At the request of Alaska Congressman Don Young, a bill pending in the U.S. House would reduce Alaska’s share of revenues from oil drilling in the Arctic National Wildlife Refuge and give that money to Alaska Native corporations.
Congress decided last year, when it opened the refuge to oil development, to split the revenues 50-50 between the federal and state governments. But last week Rep. Tom Cole, R-Okla., proposed to reduce the state’s share to 47 percent and direct 3 percent to Alaska Native corporations.
“It’s fitting that I should offer the amendment under the larger than life picture of Don Young that’s staring down on us,” Cole told the House Appropriations Committee last week. “Because to be fair to everybody, this is an amendment that Don Young asked me to offer.”
Young isn’t on the Appropriations Committee but his portrait hangs in the room were the committee met.
Cole’s amendment, first reported by Indianz.com, specifies the 3 percent share would be distributed according to 7(i) revenue sharing. That’s the section of the Alaska Native Claims Settlement Act that says the regional Native corporations must share 70 percent of the revenue from certain resource development on their lands with each other. The idea was to offset wealth disparities among the corporations.
But, to the frustration of several of them, Arctic Slope Regional Corp. got subsurface ownership to a small portion of ANWR in a 1983 land exchange known as the Chandler Lake agreement, and that land is not subject to the revenue sharing requirement.
Cole said his amendment fulfills the mission of 7(1).
“It is in keeping with the spirit of that legislation that there’s to be resource sharing amongst the Alaska Natives from ANWR,” Cole said.
Rep. Nita Lowey, D-N.Y., spoke against the amendment, saying the refuge is too valuable in its natural state to allow development. But Cole’s amendment passed the committee on a voice vote.
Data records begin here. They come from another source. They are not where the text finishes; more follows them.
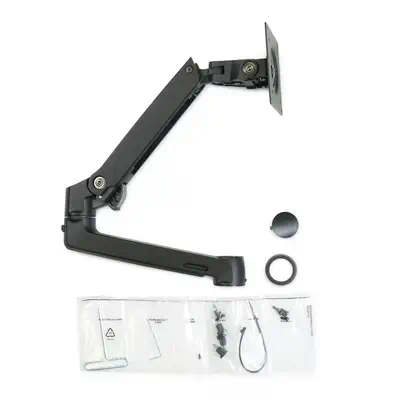 Kit optionnel bras LX, extension et collier (noir) - Ergotron - Support Fixe & Mobile - visuel 1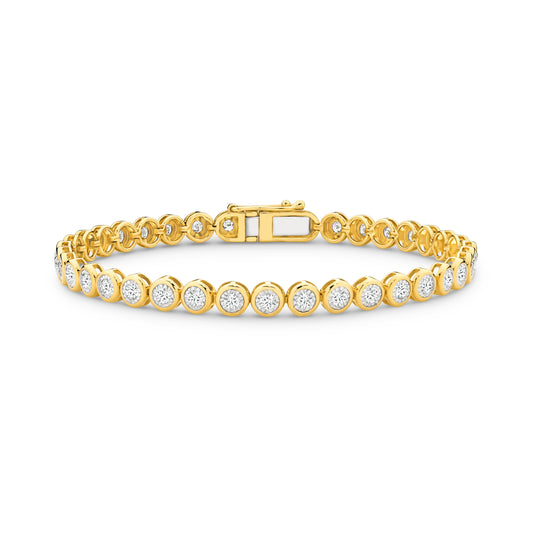 Bracelet 1.7ct Solid Yellow Gold — main view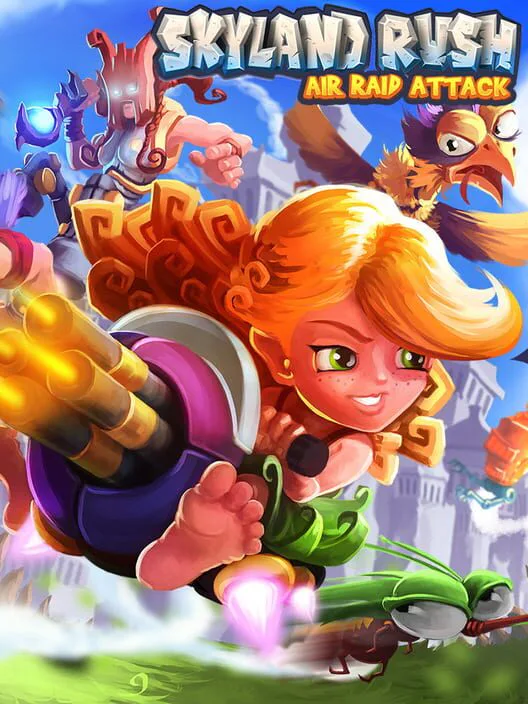 Copertina di Skyland Rush - Air Raid Attack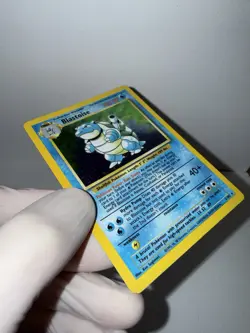 Pokemon Blastoise Base Set Holo Rare 2/102 English 1999 WOTC Card - Image 5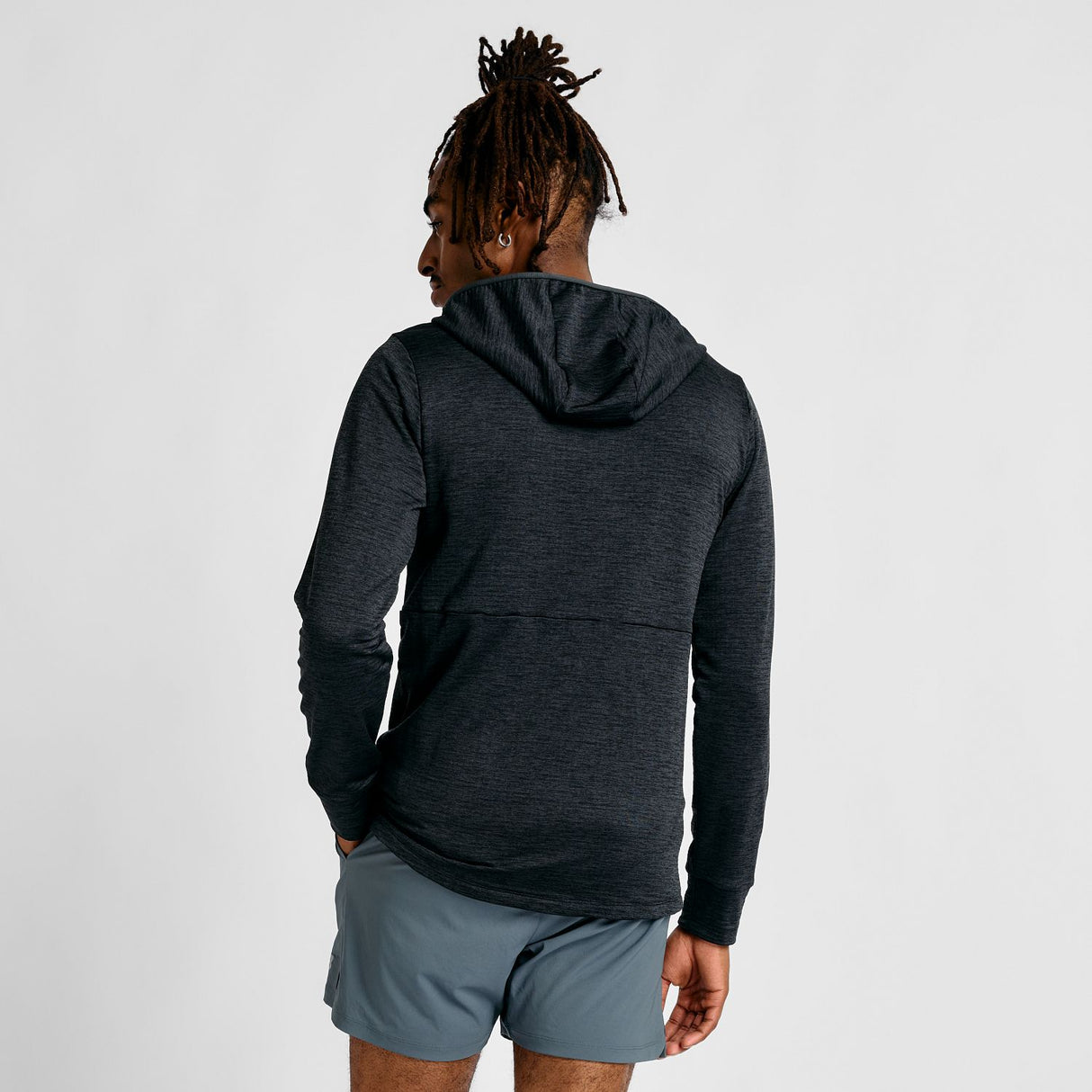 New Balance Men's Heat Grid Hooded Full Zip-5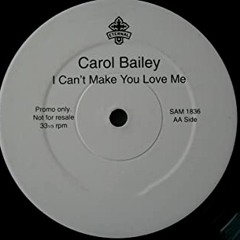 Carol Bailey - I Can´t Make You Love Me (DJ Cacá Extended Re - Edit)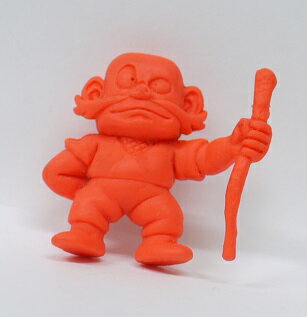 キン消し（キンケシ）　超人　ホルモン・ヤーキ　ビビンバの父　オレンジ　キン肉マン消しゴム　ゆでた..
Young, in a written statement, said the 3-percent allocation will support the health and well-being of Alaska Natives. He said he and Alaska’s U.S. senators intended to get the allocation included in the bill last year, but were blocked by a Senate rule.
Young also said the state still stands to gain billions of dollars in revenues from developing ANWR. (Environmental groups opposed to drilling in the refuge dispute that it will raise large amounts of money.)
A spokeswoman for Lisa Murkowski said the senator supports the 3 percent allocation in the House bill to “resolve historical inequities.”
Gov. Walker spokesman Austin Baird said Walker backs the congressional delegation’s efforts.
“The governor is trusting the leadership of Sen. Murkowski, Sen. Sullivan and Congressman Young to look out for the best interest of Alaskans, since they are the closest to this,” Baird said.
The amendment is in the House Appropriations bill for the Interior Department, which still needs a vote by the full House.
Murkowski chairs a Senate subcommittee that is due to take up the Senate version of the bill Tuesday. A spokeswoman says a Senate agreement not to attach riders to the spending bills probably prevents Murkowski from including a similar provision in that bill. The amendment could still appear in the final version.